TABLE-US-00001 TABLE 1 Recognition and cleavage sites for select homing endonucleases. Nuclease Recognition sequence I-SceI TAGGGATAACAGGGTAAT (SEQ ID NO: 52) VDE TATGTCGGGTGCGGAGAAAGAGGTAATGAAA (PI-SceI) (SEQ ID NO: 53) F-CphI GATGCACGAGCGCAACGCTCACAA (SEQ ID NO: 54) PI-MgaI GCGTAGCTGCCCAGTATGAGTCAG (SEQ ID NO: 55) PI-MtuII ACGTGCACTACGTAGAGGGTCGCACCGCACCGATCTACA A (SEQ ID NO: 56)

6.6 Delivery

[0151] In some embodiments, the one or more nucleases useful for the methods described herein are provided, e.g., delivered into the host cell as a purified protein. In other embodiments, the one or more nucleases are provided via polynucleotide(s) comprising a nucleic acid encoding the nuclease. In other embodiments, the one or more nucleases are introduced into the host cell as purified RNA which can be directly translated in the host cell nucleus.

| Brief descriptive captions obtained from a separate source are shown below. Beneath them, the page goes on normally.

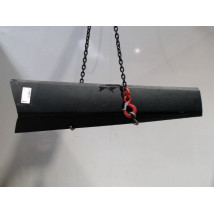 PROTECTION PORTE AVANT GAUCHE RENAULT CAPTUR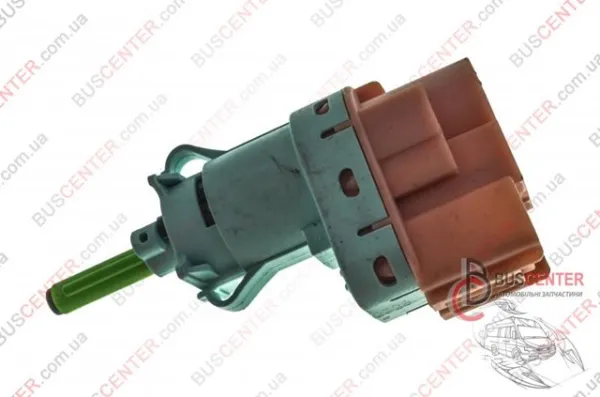 Interruptor de luz de freno 1398492080 Fiat/Alfa/Lancia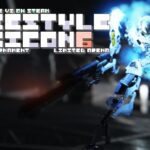 【steam版 シングル大会】FREESTYLE RUBICON 6【限定アリーナ】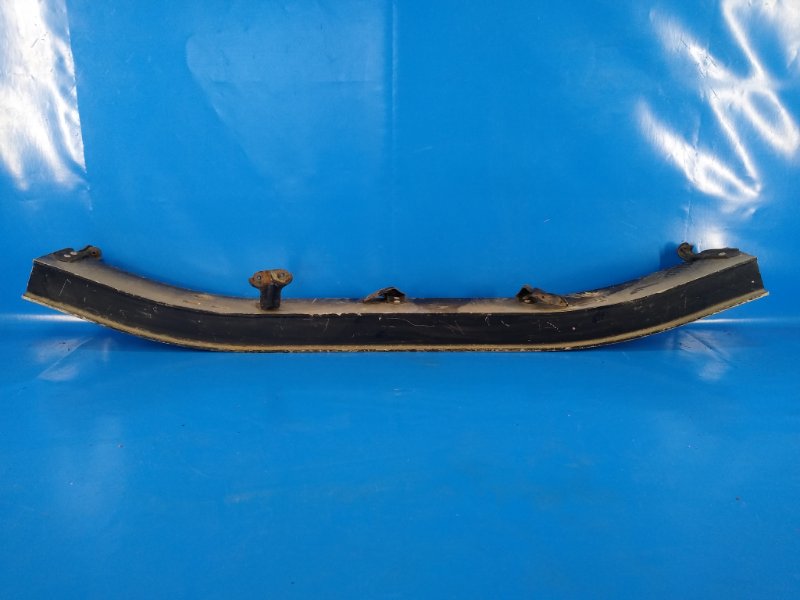 Front bumper reinforcement for Toyota Land Cruiser Prado 150 09-17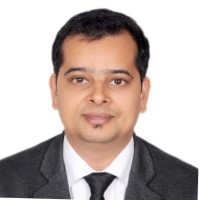 Umesh Joshi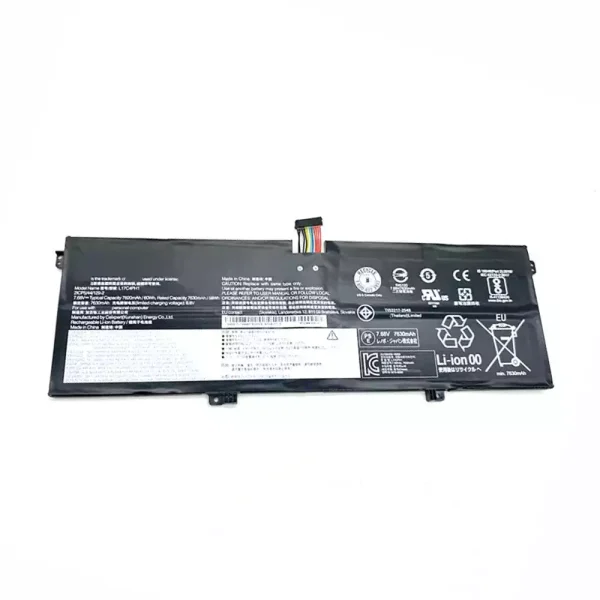 Aккумулятор для ноутбука LENOVO YOGA C930-13,C930-13IKB,Yoga 7 Pro,Yoga 7 Pro-13IKB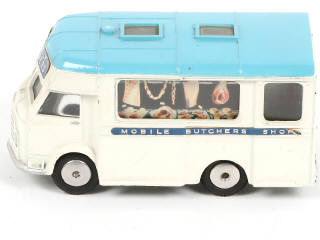 Lot 178 - CORGI TOYS (GB) (1)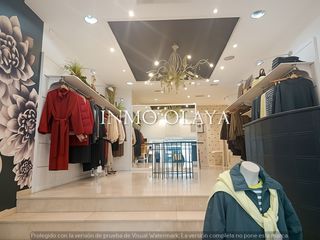 Local Comercial a Sagrada Família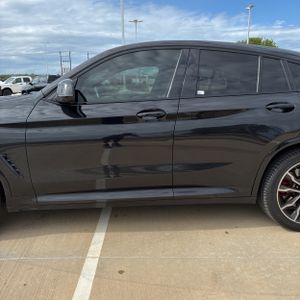 BMW X4 M40I - 4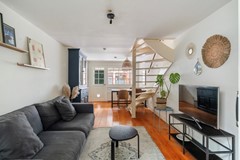 Nieuw in verkoop:Morsstraat 34, 2312 BM Leiden - Foto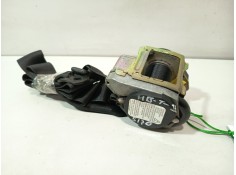 Recambio de cinturon seguridad trasero izquierdo para mercedes-benz clase a (w168) 170 cdi (168.009) referencia OEM IAM 56068010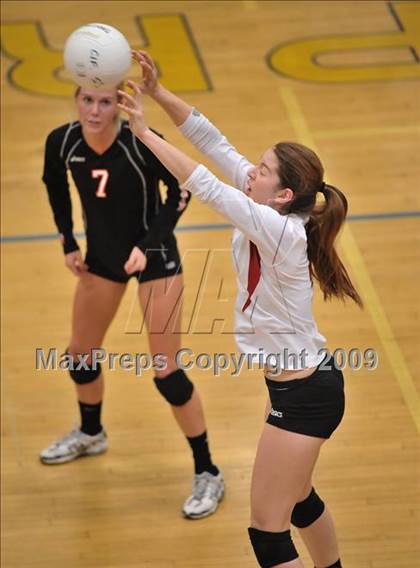 Thumbnail 1 in Cerritos vs. Mayfield (CIF SS D3A Final) photogallery.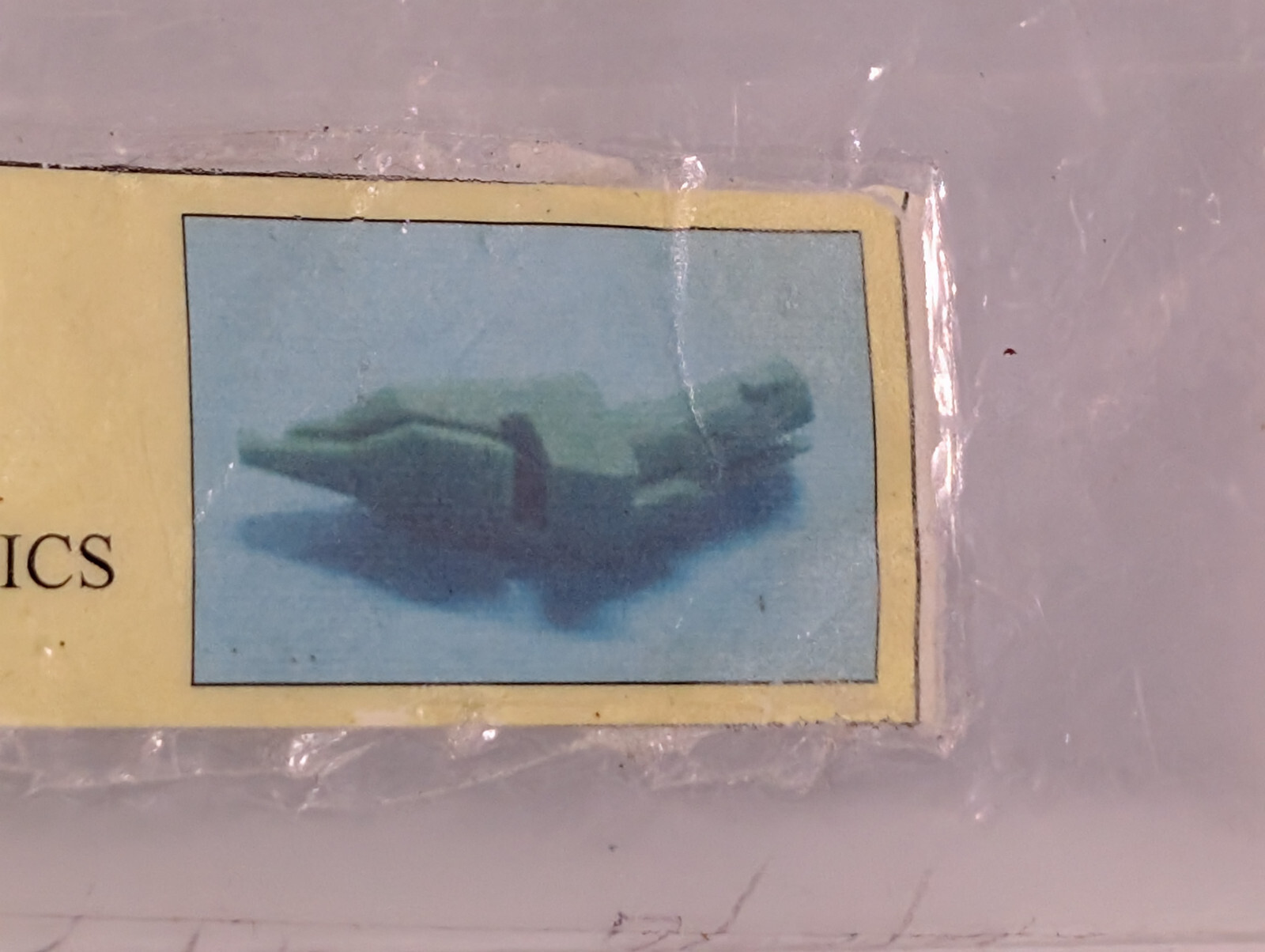 Lot of 3 packs: Kulicke + Soffa 127171-08, 10 count D/A Head Wire Guides, .008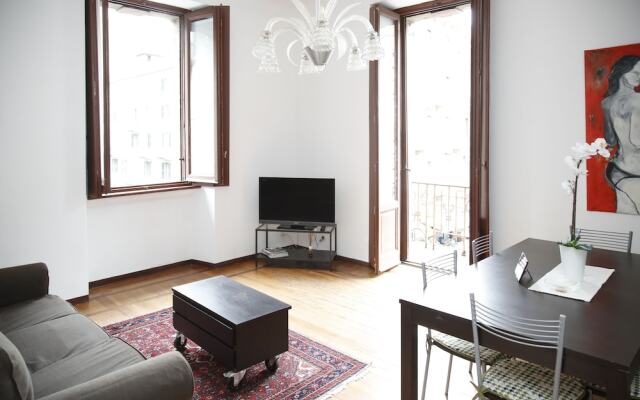 Rentopolis Melloni 18 - Cinque Giornate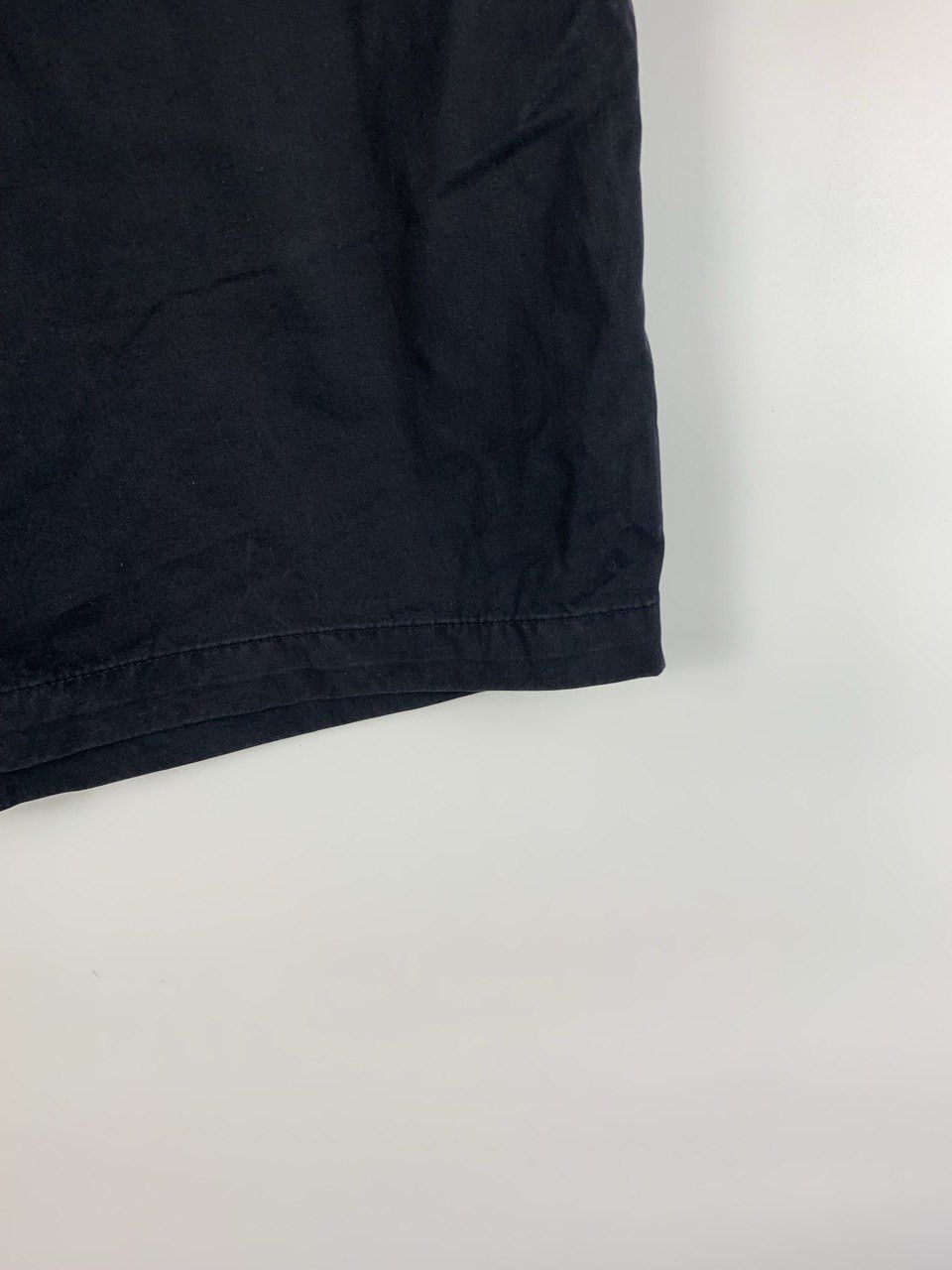 Dior Dior shorts vintage black L Size US 32 / EU 48 - 4 Thumbnail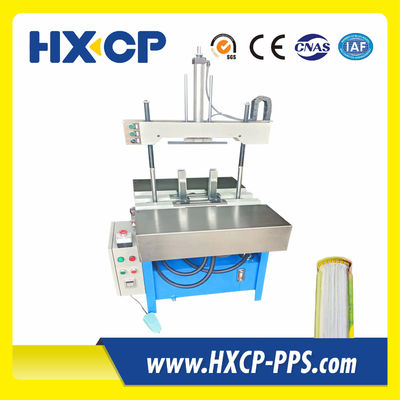 HX95BR बुक ब्लॉक बैक राउंडिंग मशीन कशेरुक बनाने वाली हार्डकवर स्वचालित उपकरण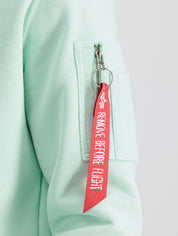 Alpha Industries Felpa 118370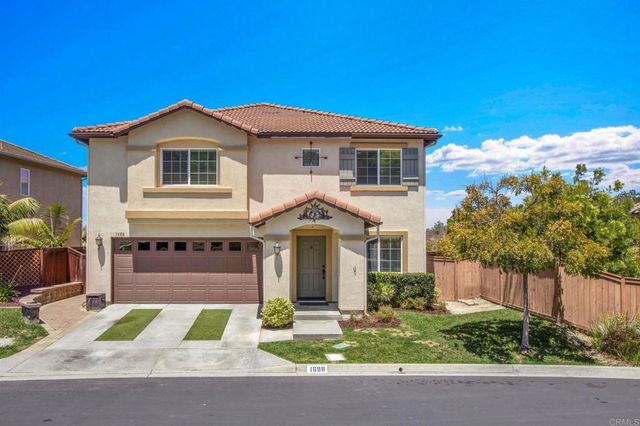 1688 Via Hacienda Court, San Marcos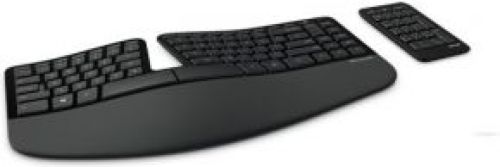 Microsoft Sculpt Ergonomic Keyboard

[0152] In certain embodiments, an integration polynucletide, a polynucleotide encoding a nuclease, or a purified nuclease protein as described above, or any combination thereof, may be introduced into a host cell using any conventional technique to introduce exogenous protein and/or nucleic acids into a cell known in the art. Such methods include, but are not limited to, direct uptake of the molecule by a cell from solution, or facilitated uptake through lipofection using, e.g., liposomes or immunoliposomes; particle-mediated transfection; etc. See, e.g., U.S. Pat. No. 5,272,065; Goeddel et al., eds, 1990, Methods in Enzymology, vol. 185, Academic Press, Inc., CA; Krieger, 1990, Gene Transfer and Expression--A Laboratory Manual, Stockton Press, NY; Sambrook et al., 1989, Molecular Cloning--A Laboratory Manual, Cold Spring Harbor Laboratory, NY; and Ausubel et al., eds., Current Edition, Current Protocols in Molecular Biology, Greene Publishing Associates and Wiley Interscience, NY. Particular methods for transforming cells are well known in the art. See Hinnen et al., Proc. Natl. Acad. Sci. USA 75:1292-3 (1978); Cregg et al., Mol. Cell. Biol. 5:3376-3385 (1985). Exemplary techniques include but are not limited to, spheroplasting, electroporation, PEG 1000 mediated transformation, and lithium acetate or lithium chloride mediated transformation.

[0153] In some embodiments, biolistics are utilized to introduce an integration polynucletide, a polynucleotide encoding a nuclease, a purified nuclease protein, or any combination thereof into the host cell, in particular, host cells that are otherwise difficult to transform/transfect using conventional techniques, such as plants. Biolistics work by binding the transformation reaction to microscopic gold particles, and then propelling the particles using compressed gas at the target cells.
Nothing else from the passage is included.